En concreto, en la antigua Roma, una parte esencial del ritual de un matrimonio era el momento en el que el novio rompía sobre la cabeza de la novia una torta hecha de harina. El número de trozos en los que se partía la torta simbolizaba el grado de felicidad que acompañaría a la pareja, por eso, los invitados procuraban comer algunos de los trocitos, entendiendo que era una forma de compartir la prosperidad de los recién casados.

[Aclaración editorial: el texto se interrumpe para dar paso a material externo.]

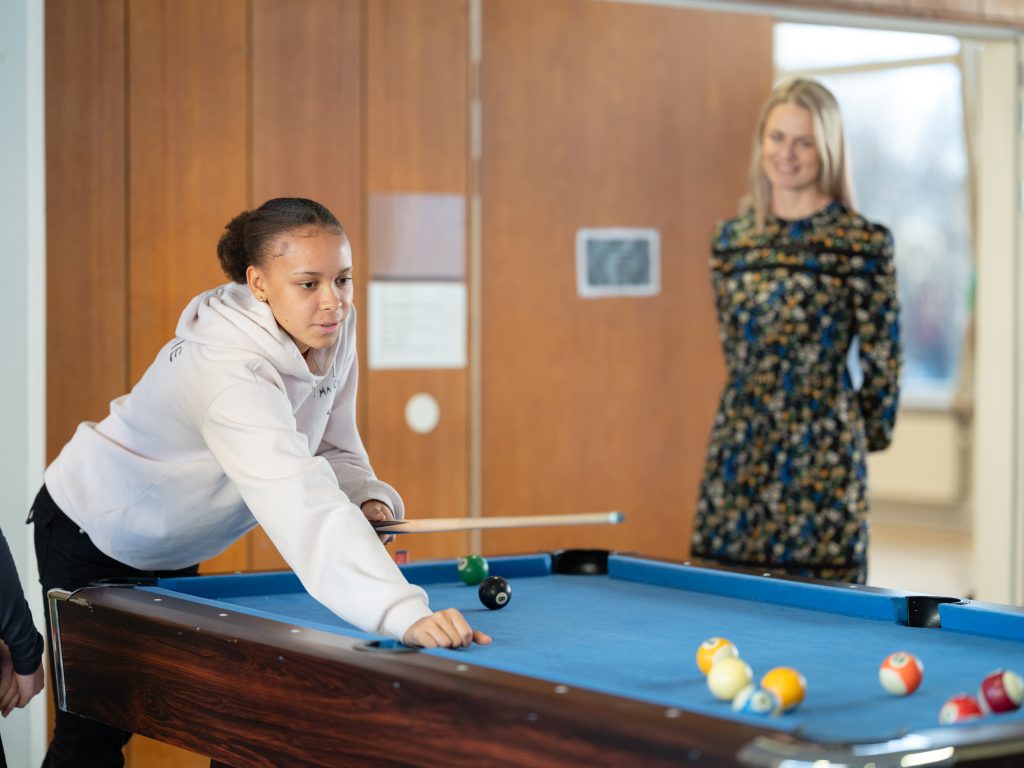 oppilaat pelaavat biljardia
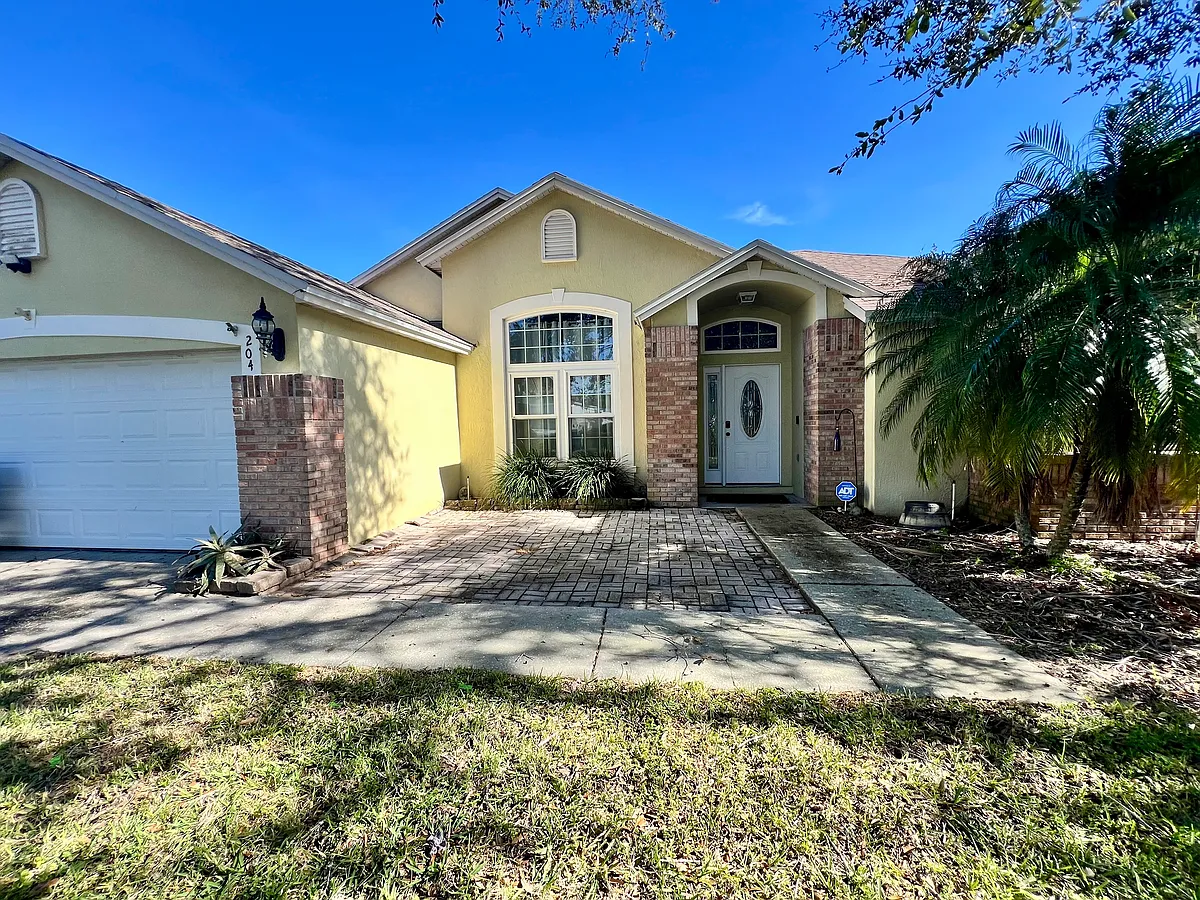 Building Photo - 204 Loma Del Sol Dr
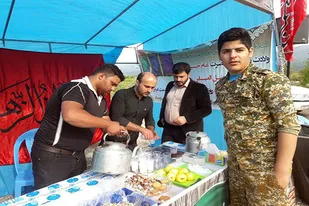 تصاویر/ایستگاه صلواتی به مناسبت میلاد 3 علمدار کربلا در روستای نوده ملک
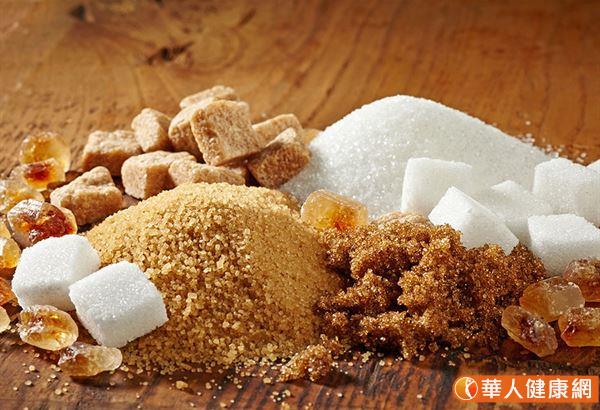 黑糖、紅糖、黃糖或白糖，皆是由蔗糖精煉出的精緻糖。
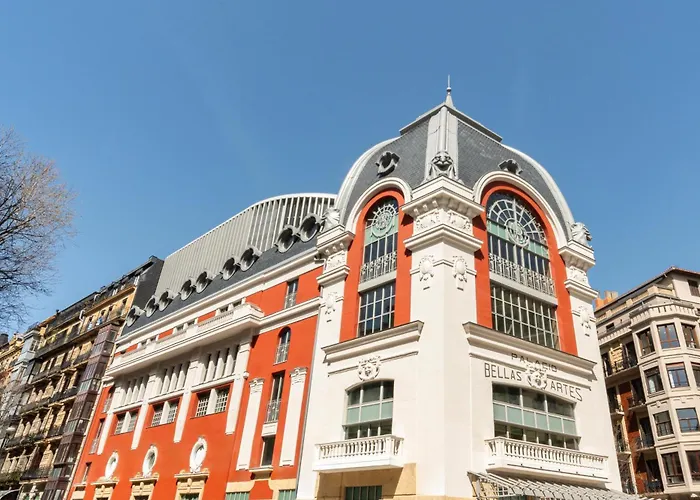 Hotel de 4 estrellas: Palacio Bellas Artes San Sebastian, Curio Collection Hilton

Con el paso del tiempo, ya en el medievo, los invitados a un banquete de bodas solían llevar unas tortas dulces que se depositaban en unas mesas colocadas a la entrada. Al término del banquete esos dulces le llevaban al comedor para ser el postre del convite. Para que todo el mundo pudiera ver las diferentes tartas entregadas se colocaban sobre las mesas formando pequeñas torres.

Al mismo tiempo que se iba perdiendo la costumbre de regalar los dulces, eran los novios, o sus familias, quienes se encargaban de preparar el postre del banquete, pero se continuó con la tradición de presentar una tarta de varios pisos, cuantos más pisos tuviera la tarta, mayor importancia social tenía la pareja. Una tradición, la de las grandes tartas nupciales como las que podeos preparar en la Pastelería Santy para todo tipo de celebraciones.

La única diferencia es que por ser la primera pastelería sin gluten de Galicia, nuestros postres también los pueden disfrutar los celíacos.